Sommaruga Simonetta · Bundesrat · 2019-12-02
Sommaruga Simonetta · Bundesrat · Bern · 2019-12-02
Wortprotokoll
Sie wollen mit dieser Vorlage Rechtssicherheit schaffen. Das ist gut. Der Bundesrat unterstützt das. Sie müssen aber auch sehen, dass Sie die Rechtssicherheit in der Art und Weise, wie Sie das tun, zugunsten der Wasserwirtschaft schaffen. Man hätte theoretisch auch Rechtssicherheit schaffen können, indem man gesagt hätte, dass der historische Zustand in Zukunft als Ausgangszustand gelten müsste. Damit hätten Sie auch Rechtssicherheit geschaffen, aber nicht nur zugunsten der Wasserwirtschaft. Rechtssicherheit ist gut und richtig, aber Sie haben diese jetzt nur zugunsten der Nutzerinteressen geschaffen - dennoch unterstützt der Bundesrat das.
Zur Energiestrategie: Wir brauchen die Wasserkraft für unsere Energiestrategie. Das ist absolut klar und unbestritten. Das hat auch für den Bundesrat allerhöchste Priorität. Wenn allerdings die Frage lautet, ob das, was Ihnen der Bundesrat als Zusatz in Artikel 58a Absatz 5 vorschlägt, die Energiestrategie in irgendeiner Art und Weise verhindere, dann lautet die Antwort Nein. Lesen Sie den Zusatz - viel moderater können Sie nicht sein: "In solchen Fällen können nach Möglichkeit und soweit verhältnismässig ..." Wenn Sie hier finden, dass Ihnen das schon zu weit gehe, dann muss ich Ihnen sagen: Passen Sie auf, denn wir haben bei der Wasserkraft immer die divergierenden Interessen der Wassernutzung einerseits und des Natur- und Landschaftsschutzes andererseits!
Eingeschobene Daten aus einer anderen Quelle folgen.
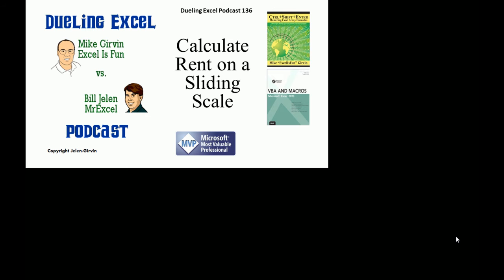Hey, welcome back. It's time for another Dueling Excel podcast. I'm Bill Jelen from MrExcel. We'll be joined by Mike Girvin from ExcelIsFun. This is our episode 136, Calculate Rent on a Sliding Scale.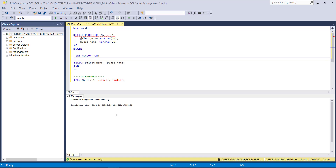First, I'm creating a procedure with my procedure name 'one', and declaring first name and last name. Inside BEGIN and END, I'm declaring SET NOCOUNT ON. NOCOUNT ON enhances SQL performance — it provides a performance benefit. Then I'm selecting the first name and last name.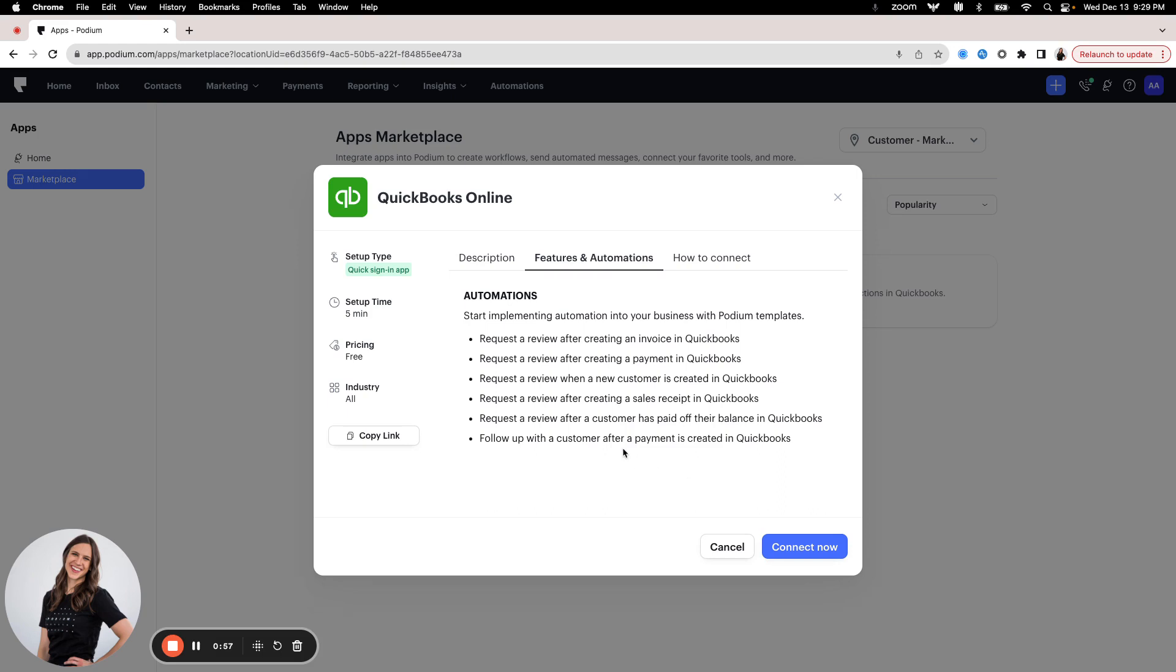But overall, it's a pretty quick process. And like I said, it can drive a ton of value for you and your business by creating a more seamless flow between all the systems that you use.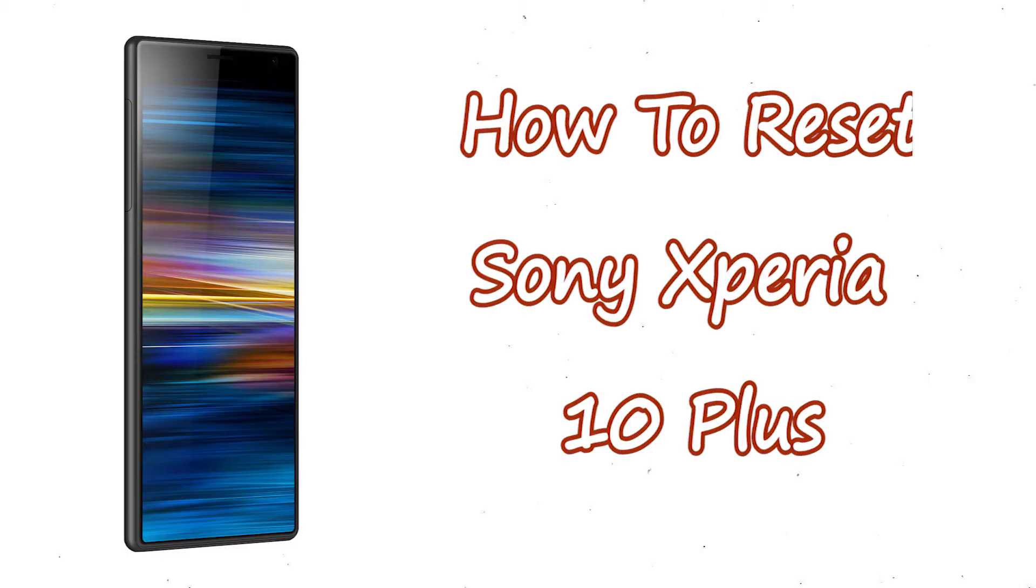Welcome to Android Pro Tips. In this video, I'm going to show you how to reset Sony Xperia 10 Plus in different ways.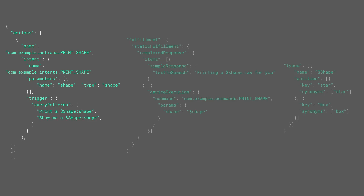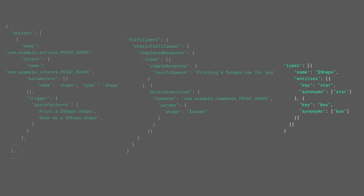To trigger an action, it requires certain query patterns that your users must say. When that happens, you can define the fulfillment. This may include a simple speech response, as well as execution of a callback on your device. Each action can contain parameters — in this case, a shape. A shape can be defined with a particular key, as well as several synonyms.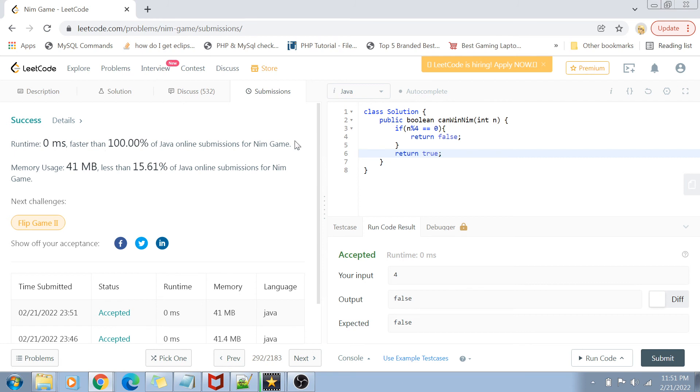There you go. That was the solution for this problem. If I talk about the time complexity, it is order of one for both time and space, because we are not using any extra space nor are we using any loops here.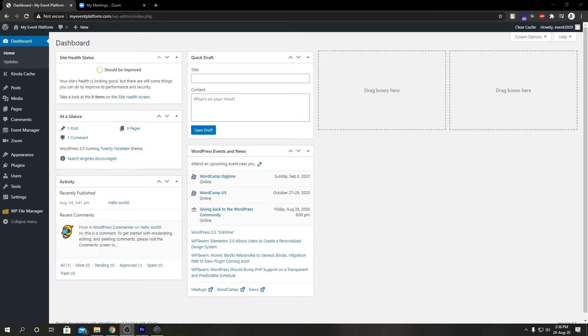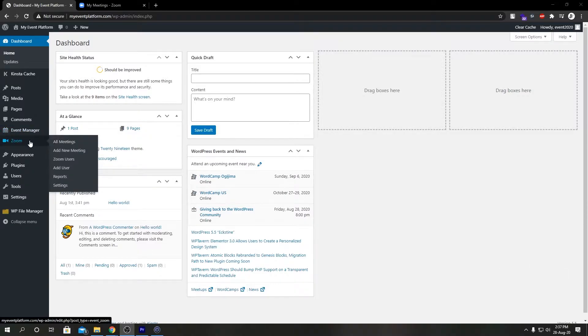Welcome to WP Event Manager. In this simple video, we're going to talk about how we can import our meetings from Zoom to our Zoom add-on on WP admin. So first of all, from dashboard, we're going to come to Zoom, then all meetings.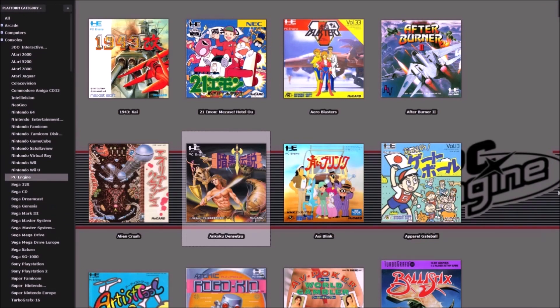I hope that helped you. That's how you add overlays on RetroArch. Thanks for your support, guys. Please like and subscribe, and I'll see you guys later.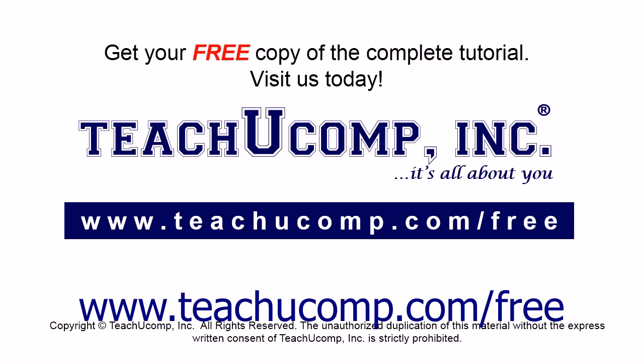Get your free copy of the complete tutorial at www.teachyoucomp.com forward slash free.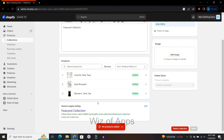And once I click save, if I were to have added any products it would have shown me that, but I didn't add any so it gave me the error message. But if you need to change your featured products on your Shopify store, this is how you do it.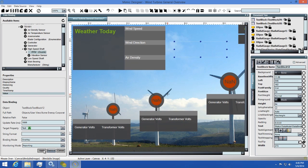If you want to see your binding updating, simply save your mimic, then hit the test run button in the toolbar. This is the button that looks like a play button on your TV remote in the top. I'll do this now so you can see that the binding is working properly.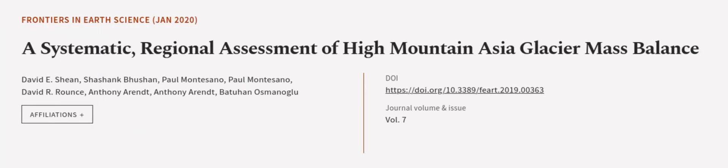This article was authored by David E. Sheen, Shashank Bhushan, Paul Montesano, and others.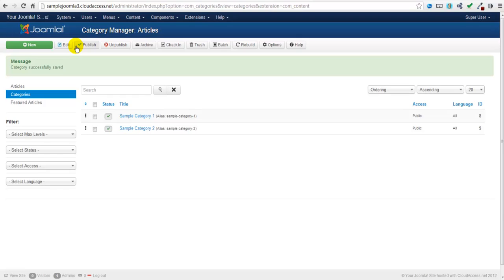Categories are like file folders that exist in the back end of your site, and if you don't have a lot of content, you may only want one category. It's just a way for you to stay organized, and your users rarely see categories on the front end. The next tutorial will show you how to create articles to save into the categories that we just created.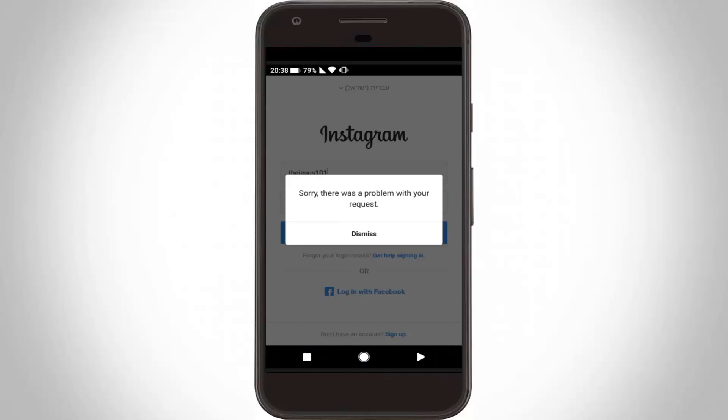Welcome friends, this is our channel Tekkons. Today I got the error message in Instagram that shows 'sorry there was a problem with your request.' So how to fix this error? First of all, remove your Instagram app.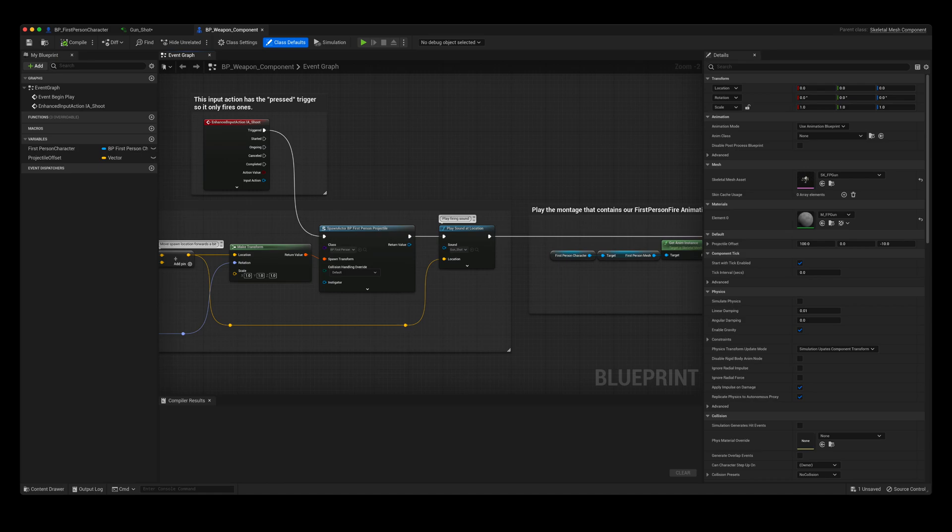In order to play this meta sound inside of the game level, I went into the BP weapon component inside of the first person shooter template. And then on the Play Sound at Location node I simply replaced it with my meta sound.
Wir sollten der Bevölkerung aufzeigen, dass wir immer beiden Interessen Rechnung tragen. Das Pendel sollte nicht wegen der Energiestrategie in eine Richtung schlagen, während der Natur- und Landschaftsschutz plötzlich keine Rolle mehr spielt.
Der Bundesrat schlägt Ihnen eine sehr moderate Ergänzung vor, die darauf hinweist, dass man diese Rechtssicherheit jetzt zwar zugunsten der Wasserwirtschaft geschaffen hat, dass wir uns aber gleichzeitig bewusst sind, dass hier ein Spannungsfeld vorhanden ist. Die Ergänzung zeigt auf, dass wir "nach Möglichkeit und soweit verhältnismässig Massnahmen zugunsten von Natur und Landschaft" - welche eben durch den Bestand der Wasserkraftanlage beeinflusst werden - treffen können.
Ich bin der Meinung, dass wir mit diesem Zusatz aufzeigen können, dass wir uns bewusst sind, dass es bei der Wasserkraft immer verschiedene Interessen gibt, und dass wir ihnen Rechnung tragen wollen. Sie haben mit der Rechtssicherheit jetzt aber den Cursor ganz klar in Richtung Wasserkraftnutzung gesetzt. Deshalb ist der Bundesrat der Meinung, dass er mit dem, wie ich finde, sehr ausgewogenen Kompromiss, den er Ihnen vorschlägt, auch das richtige Signal geben kann.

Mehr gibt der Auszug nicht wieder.